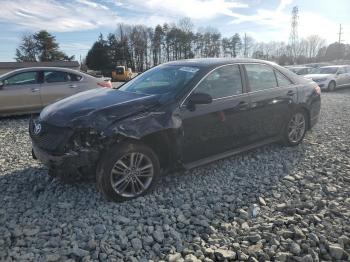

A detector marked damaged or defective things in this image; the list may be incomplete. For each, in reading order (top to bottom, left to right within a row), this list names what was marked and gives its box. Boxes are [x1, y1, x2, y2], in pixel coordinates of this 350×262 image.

crumpled hood [40, 88, 161, 128]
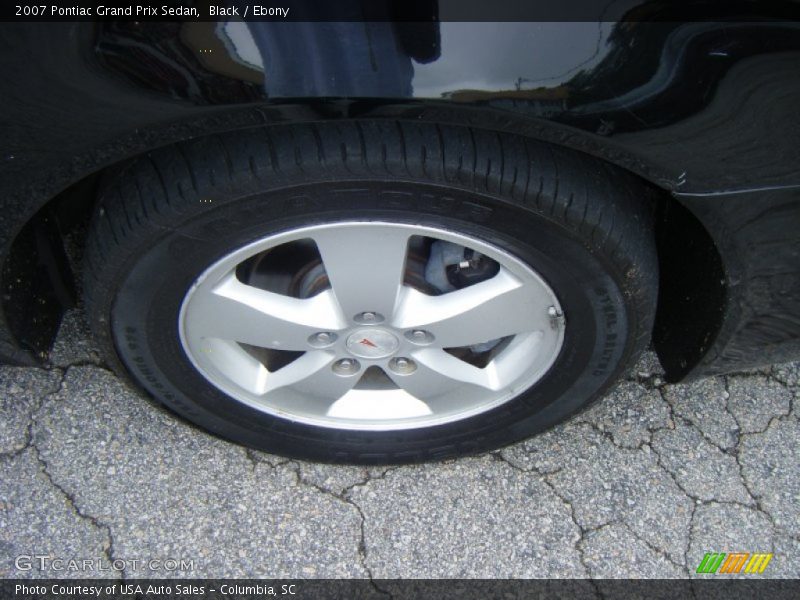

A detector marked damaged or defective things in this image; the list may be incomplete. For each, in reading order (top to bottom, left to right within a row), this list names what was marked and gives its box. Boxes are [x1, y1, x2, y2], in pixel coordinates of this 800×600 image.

cracked asphalt [0, 308, 796, 580]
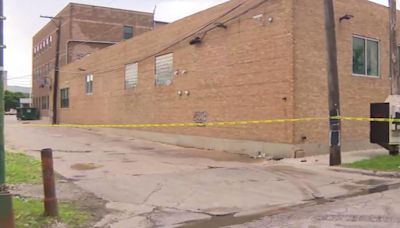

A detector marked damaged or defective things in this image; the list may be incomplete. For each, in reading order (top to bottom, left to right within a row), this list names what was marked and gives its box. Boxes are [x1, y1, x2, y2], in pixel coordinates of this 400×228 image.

cracked pavement [3, 116, 400, 227]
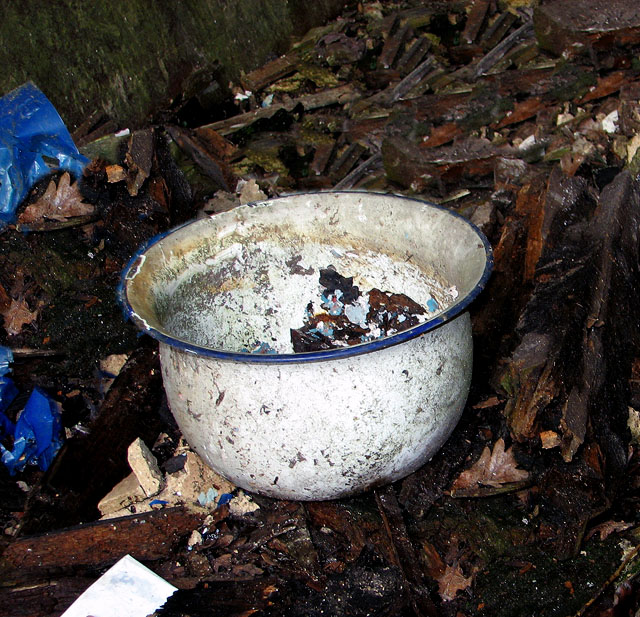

══════════

▸ **Problem details**: Your copy should hold exactly the lines from the line containing "this 800×600 image." through the last line of the listing above, both included, and no pictures.

▸ **Answer space**:
A detector marked damaged or defective things in this image; the list may be incomplete. For each, in reading order (top to bottom, left to right within a row), this list names what was marked and gives its box. Boxes are [x1, y1, x2, y2], in pixel coordinates of this 800×600 image.

cracked asphalt [0, 308, 796, 580]

A detector marked damaged or defective things in this image; the list may be incomplete. For each, in reading order (top to bottom, left to right within a row), this list names what was marked and gives its box. Boxes are [x1, y1, x2, y2], in pixel coordinates of this 400×228 image.

cracked pavement [3, 116, 400, 227]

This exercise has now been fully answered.